Lockheed Martin remains confident that South Korea will select its F-35 Joint Strike Fighter for the third phase of its F-X competition, with the company saying that Seoul could even get access to the aircraft from 2014 if required.
"The F-35 is the best value fighter for South Korea. The country has received a classified briefing, and studies are under way to see if the aircraft can fit the various capabilities required by the air force. This will continue into 2010," says Steve O'Brien, Lockheed's vice-president of F-35 business development.
"There are slots available in 2014 for the first FMS [Foreign Military Sales] customer to take delivery of the F-35. We've given a number of different briefings to different customers on this issue, and it is up to the customers if they would like to come on board."

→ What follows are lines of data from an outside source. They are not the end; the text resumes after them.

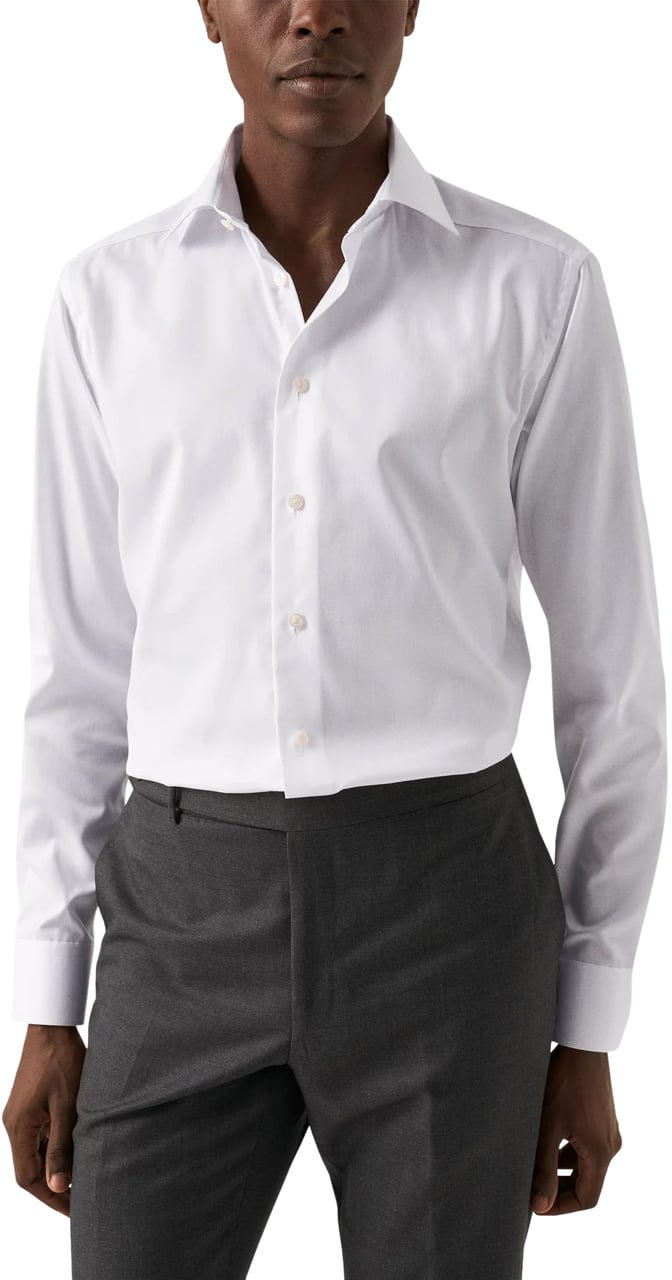 Eton Eton  Lange Mouw Overhemden Wit 1000 12342 00 Wit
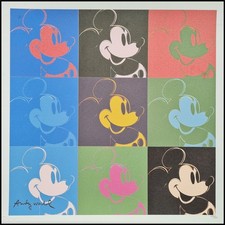 ANDY WARHOL * Topolino *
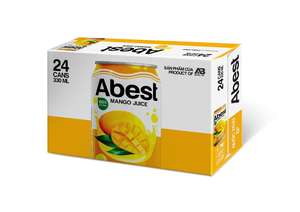 Fabricante de Vietnames, Abest, 330ml, refresco con sabor a mango Natural fresco, ingrediente único, azúcar, leche seca, estilo OEM ODM - Product Image 2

Just as it has with Japan, Lockheed is dangling the prospect of South Korean industry possibly participating in the F-35 programme by becoming second-tier suppliers. It could also allow some form of assembly work to take place in South Korea, similar to its agreement with Italy.

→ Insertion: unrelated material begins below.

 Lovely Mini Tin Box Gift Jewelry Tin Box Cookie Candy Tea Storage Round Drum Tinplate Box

South Korea is looking to buy around 60 fighters through its next F-X programme. However, there are worries in Seoul about possible delays to the F-35 programme, and that early versions of the type may not be as sophisticated as later models.
That could pave the way for Boeing and its new F-15 Silent Eagle, which the company has proposed with countries such as South Korea in mind. The F-15K was selected for the first two phases of South Korea's F-X competition, and Boeing is pushing Seoul to consider the F-15SE as an alternative to the F-35.
Industry sources say Boeing is willing to offer South Korea some work in the co-development of the stealth technology that it plans to use in the F-15SE, an offer that could help the country when it begins to work on its proposed KF-X light fighter.
"Boeing looks forward to Korea's anticipated competition. We are developing an advanced F-15, which we hope will fulfil Korea's defence capabilities and needs for many years to come," says Greg Laxton, vice-president Korea business development at Boeing Integrated Defense Systems.
"We are committed to building on the success of the F-15K next fighter I and II programmes, by working with our Korean industry partners to continue to strengthen Korea's aerospace industry."
Lockheed points out that only the F-35 and its F-22 Raptor are truly fifth-generation stealth fighters, while the F-15SE has only some "stealth elements", a fact that Boeing accepts.
"Stealth systems must be designed into the aircraft. This cannot be replicated in fourth-generation fighters. And the F-35 is about 10 years ahead of the F-22 in this regard," says O'Brien. "We won't comment on our competitors' products, but what I know is that the US government is going to purchase only fifth-generation aircraft and that is the F-35."